A similar approach was taken by Waag who made use of the BAG open data on buildings for the whole of the The Netherlands.
I wondered if it was possible to use MapCSS styling within OverpassTurbo to create a simple way to achieve the same effect. After a bit of experimentation I was able to do this. I used Dutch localities as test areas as all buildings have been imported from BAG and therefore have start_date tags in a consistent format (“yyyy”). I also looked at other places with some buildings (usually those with a heritage protection) have start_date tags.
A couple of things I found:
- Tagged nodes (e.g., entrances) on a building outline got the default render. It was therefore necessary to have a MapCSS rule which makes all nodes have 100% transparency.

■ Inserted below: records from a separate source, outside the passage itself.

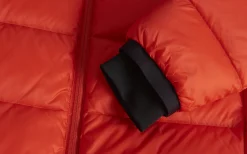Sail Racing Jackets^CLOUD DOWN HOOD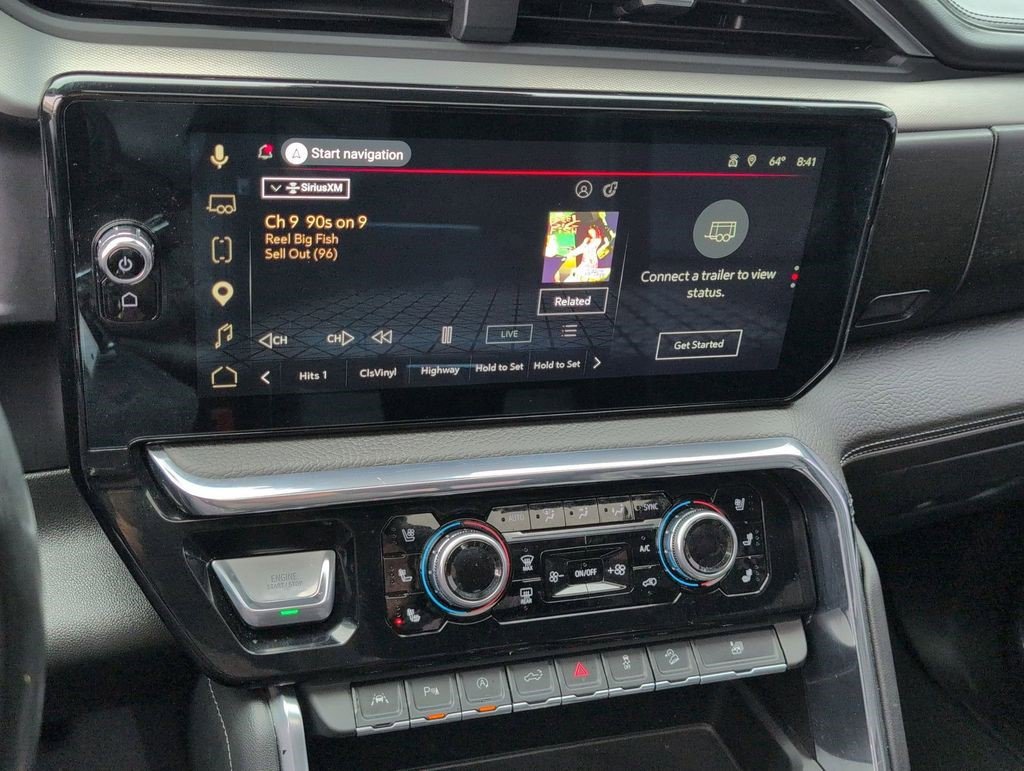 Certified 2024 GMC Sierra 1500 Denali w/ Technology Package image 18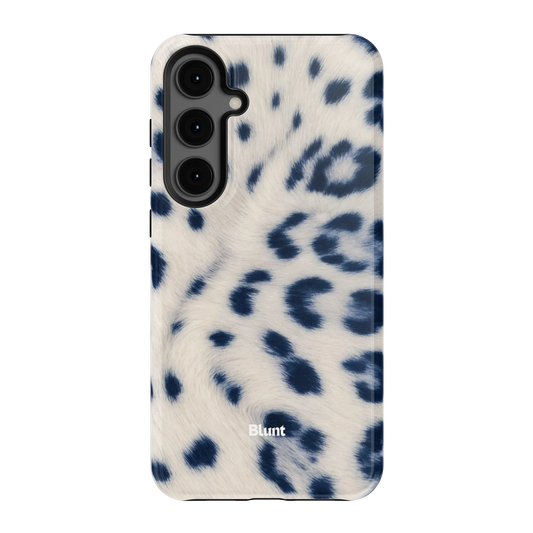 Azure Saint Samsung Case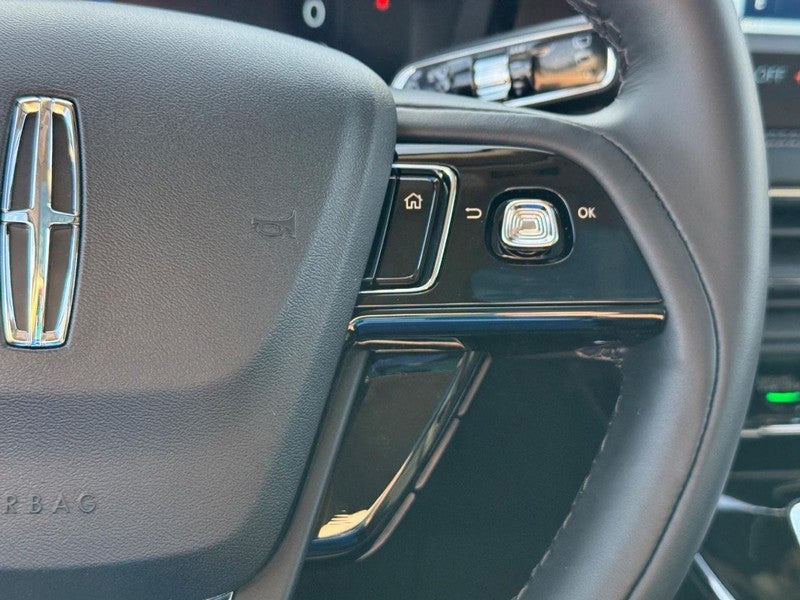 2025 Lincoln Corsair Grand Touring AWD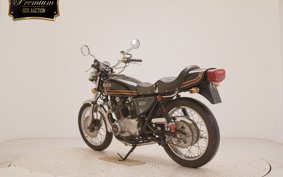 SUZUKI GS400 2026 GS400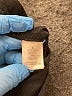 Briggs New York Black Dress Pants Size 8 - photo 8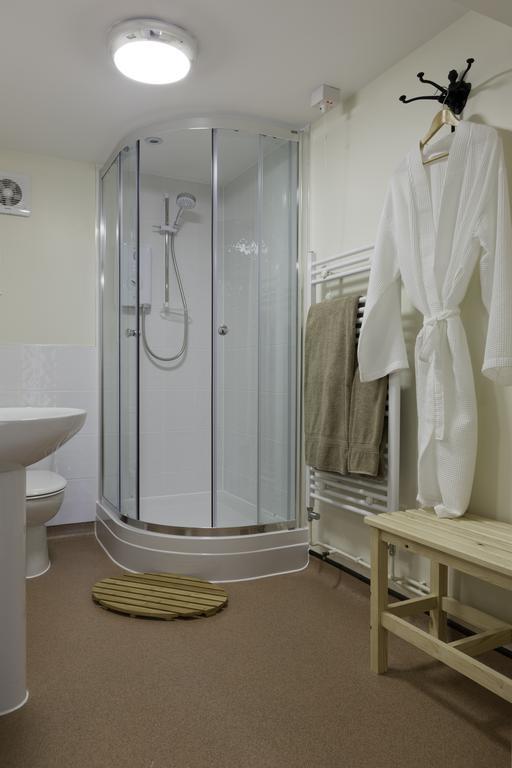 Leeds Castle Knights Glamping Hotel Екстериор снимка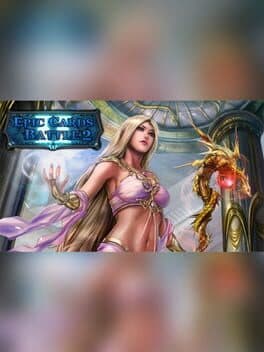 Epic Cards Battle 2 (TCG)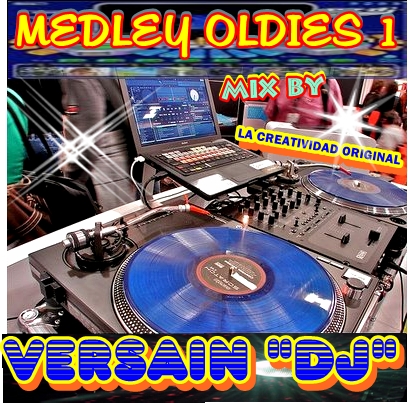 Medley Oldies Mix 1 Medley Oldies Mix 1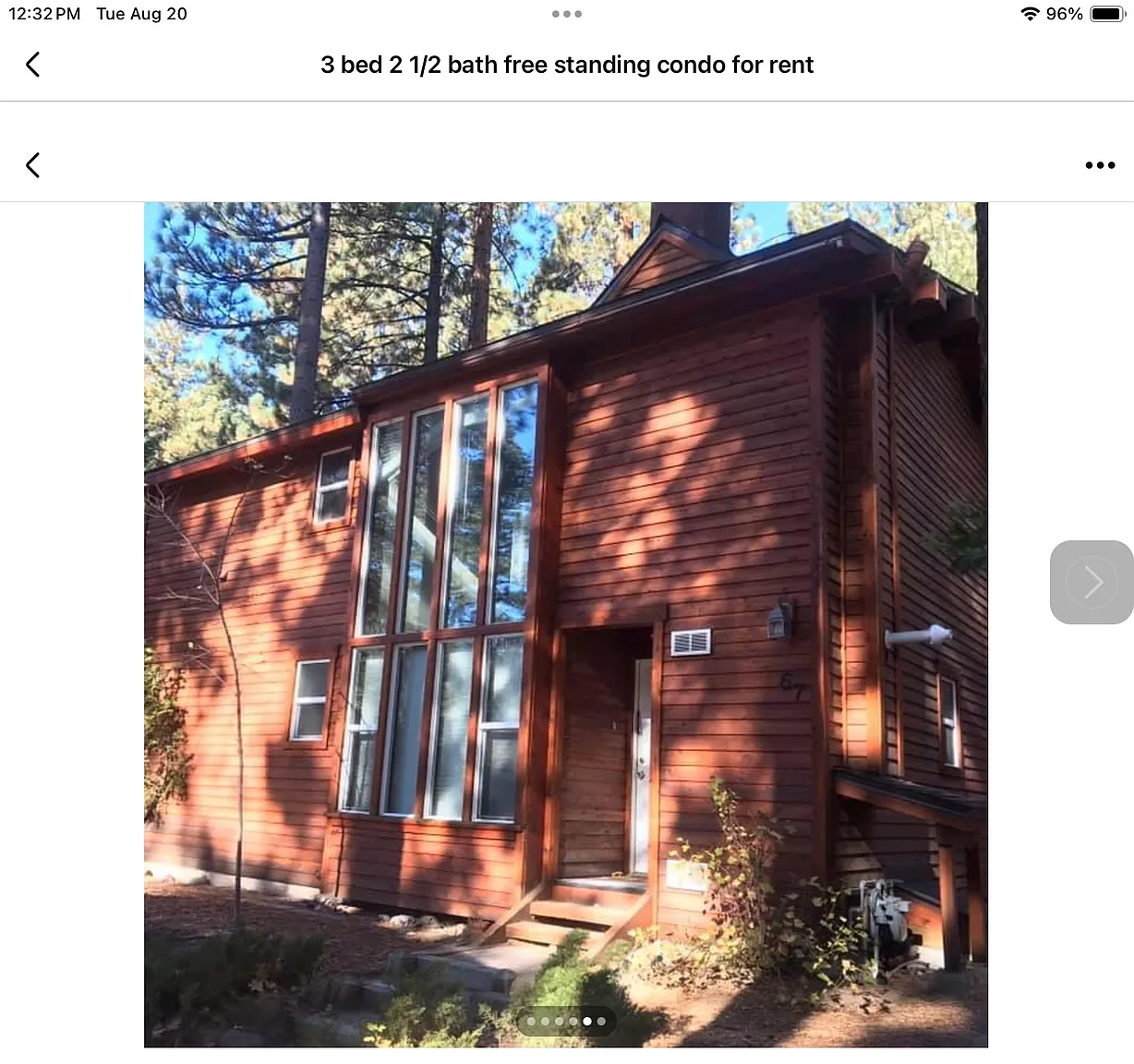 702 College Dr #67 photo 1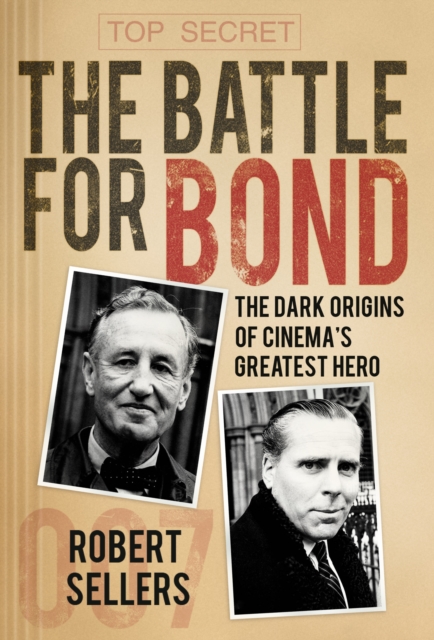 Battle for Bond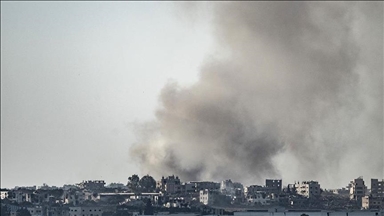 غزة.. 5 قتلى بقصف إسرائيلي استهدف منزلا بمخيم البريج 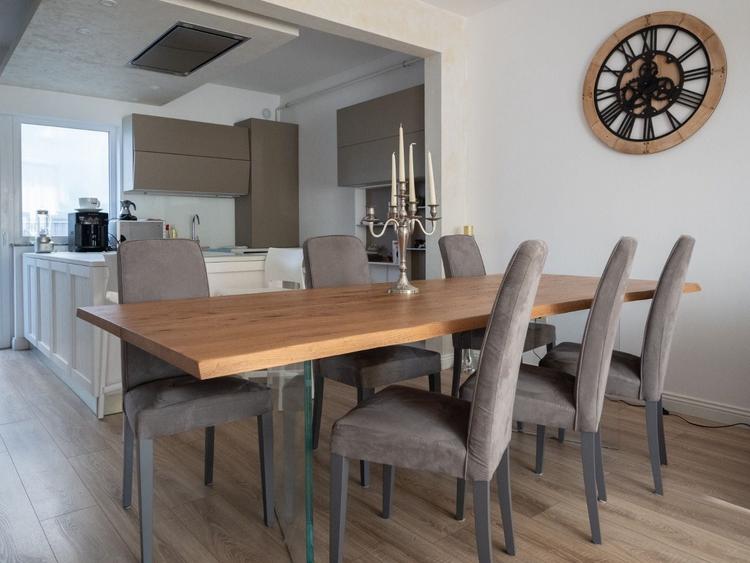 Vand duplex modern - 6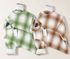 Solbiza Men Regular Fit Checkered Spread Collar Casual Shirt - Image 8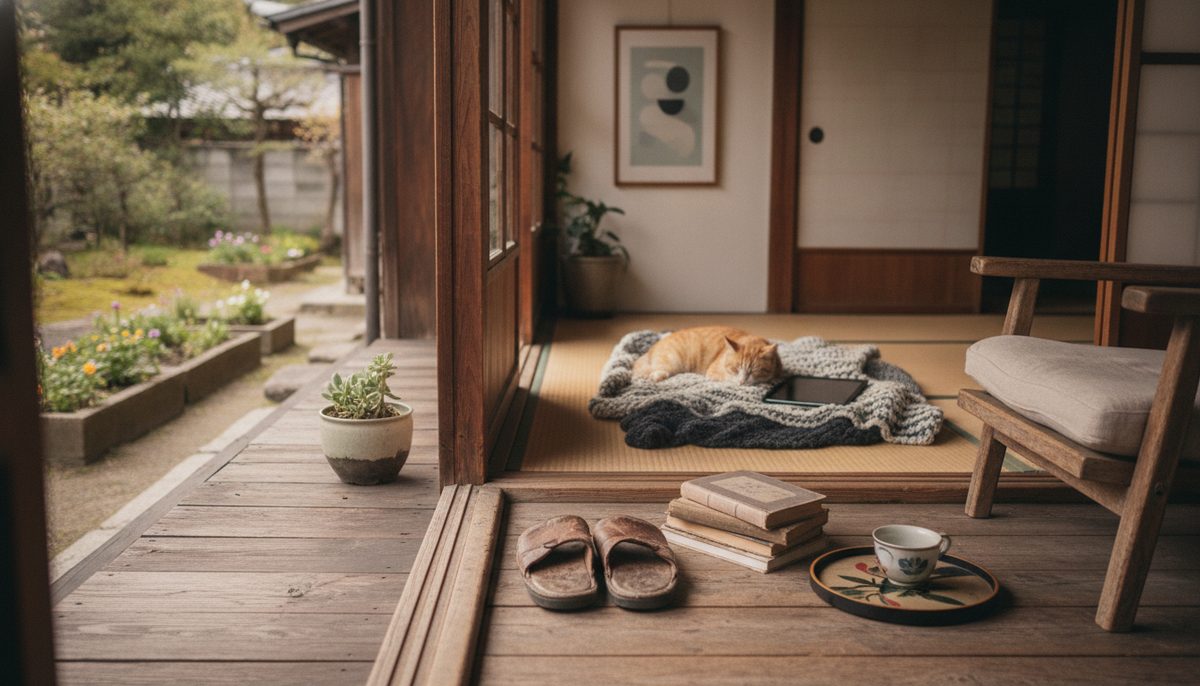 実際に使い始めて変わったこと｜古民家の畳のダニ対策｜猫と暮らす家でレイコップは効果ある？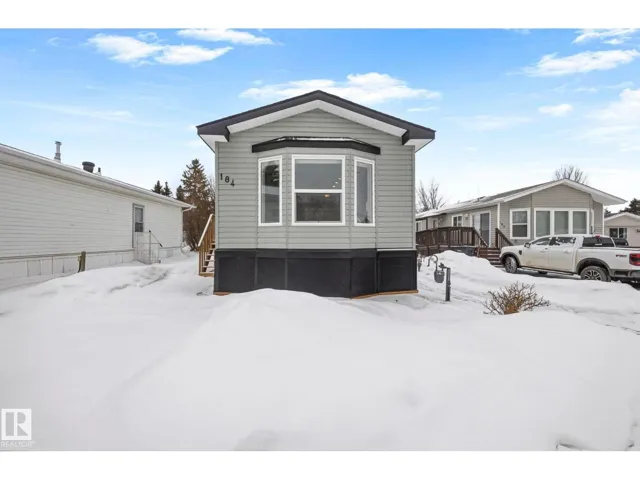 184 305 Calahoo RD, Spruce Grove, Alberta T7X3L1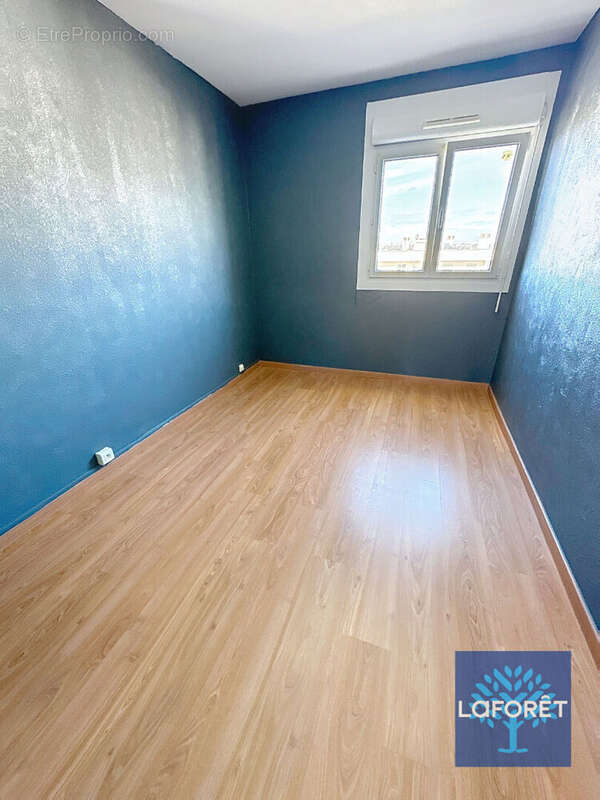 Appartement à VANDOEUVRE-LES-NANCY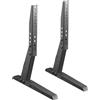 myWall 'myWall hp35l universale supporto per TV a schermo piatto, 13 - 37 pollici (33 - 94 cm), fino a 35 kg NERO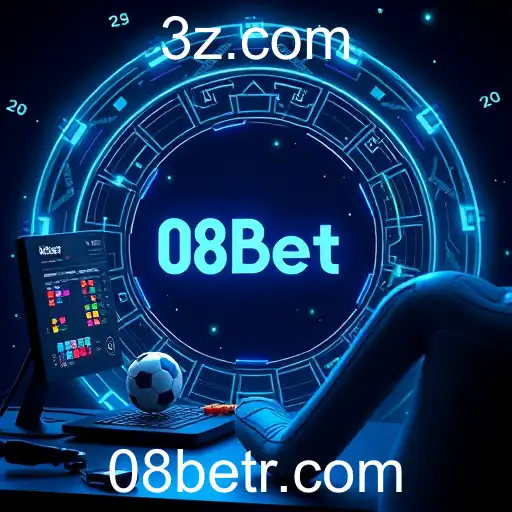 Cenário Atual dos Jogos Online e a Ascensão da 08bet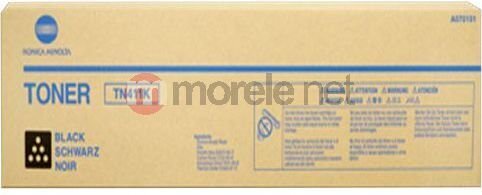Konica Minolta A070151 kaina ir informacija | Kasetės lazeriniams spausdintuvams | pigu.lt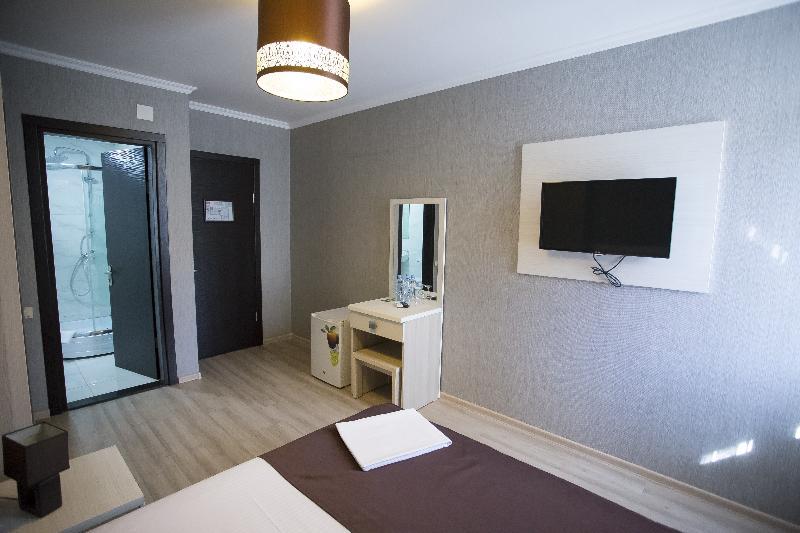 Batus Hotell Batumi Exteriör bild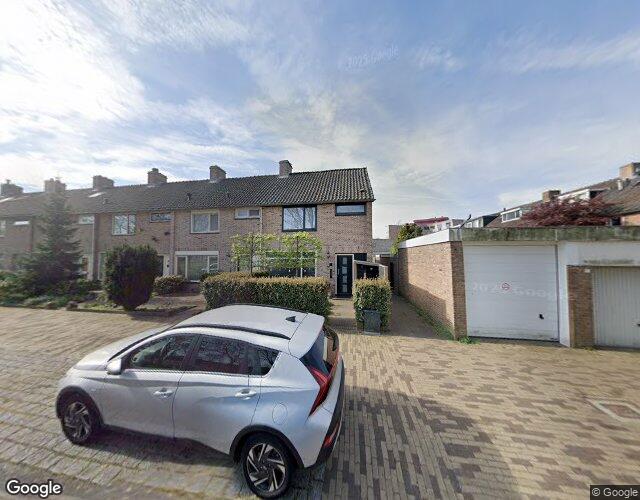 Cornelis Be. 12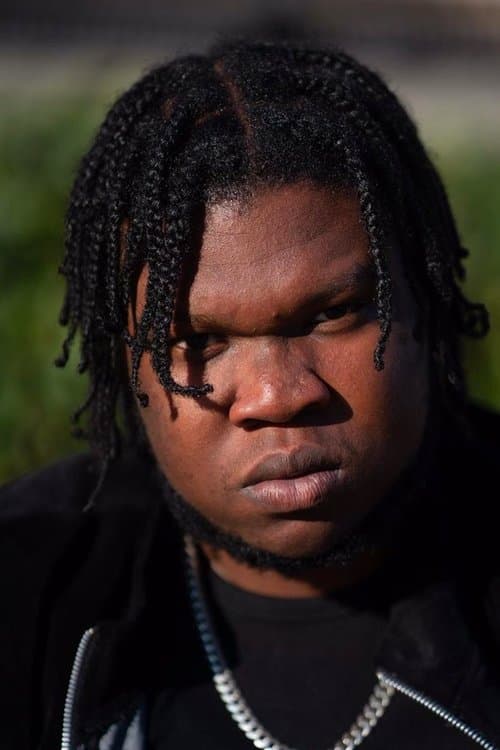 Kadeem Ramsay profile photo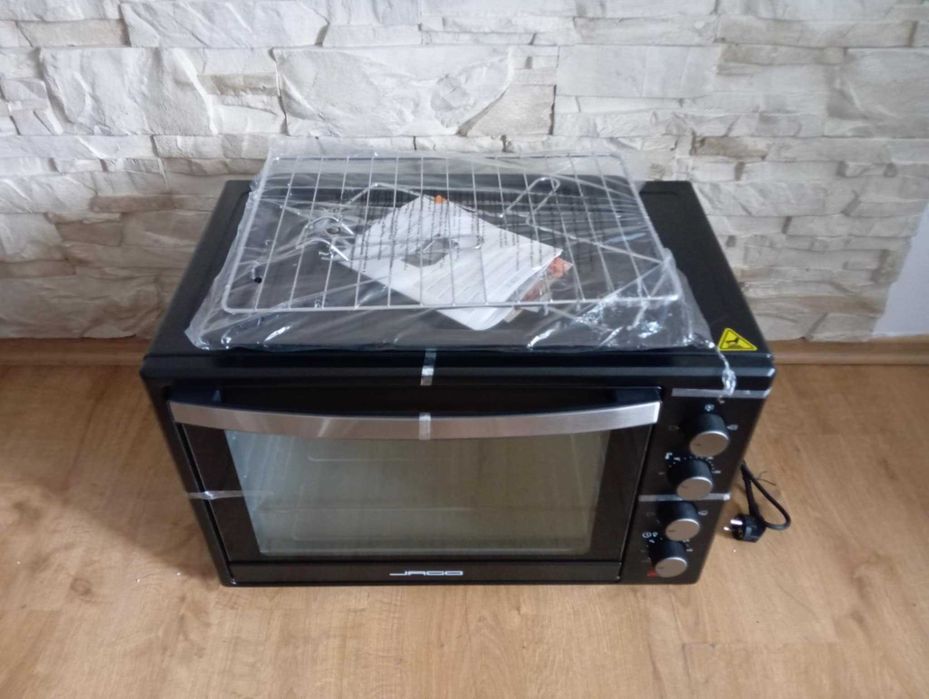 Mini piekarnik z termoobiegiem 60 l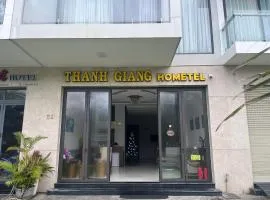 Thanh Giang hometel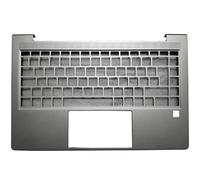 Supporto per i Polsi del Portatile per HP EliteBook 640 G9 645 G9 Senza Tastiera Tasto Invio Grande Argento Nuovo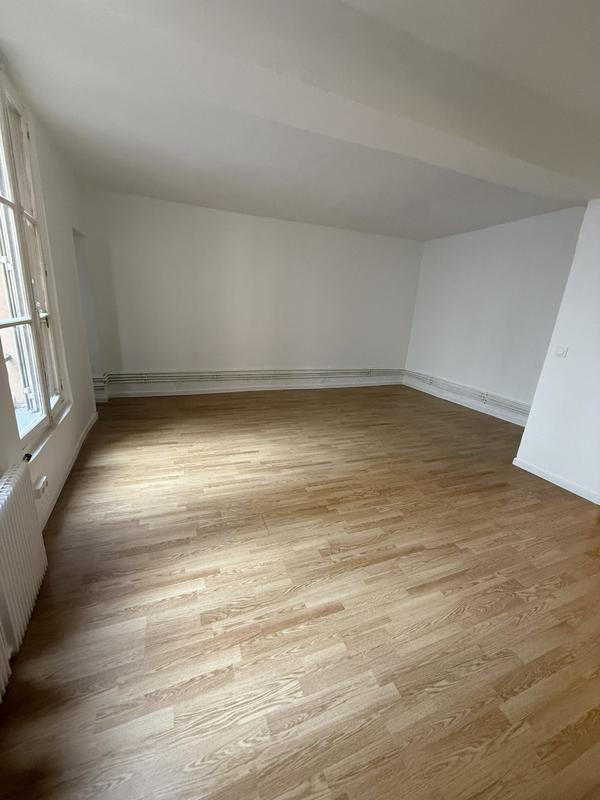 Appartement - 36 m² - 1 pièce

- Rules of the form [year<1925][year>=1950] didn’t seem to work as expected. Instead I relied on a single predicate and ordering the rendering rules so that the rule finding the oldest building is the topmost.
- I couldn’t find a way to both use the date() parsing function in Overpass and retain the original geometry. This is a shame because it should handle cases such as “c1860”, “1861-1862” and “1861-07-14” which a simple-minded approach does not.
All of these may just because I’m not familiar enough with these aspects.
Once I had some basic principles worked out, a big bonus was that the Waag Carto-CSS style sheet is available on Github, so I was able to copy both the precise colours they used and the date ranges. The resulting Overpass-Turbo query used to generate the map at the head of the post is here. Note that I used the Carto-DB dark tiles to provide a sufficiently dark background, and you need to be sufficiently zoomed in to see all buildings (if small POIs are not shown as points).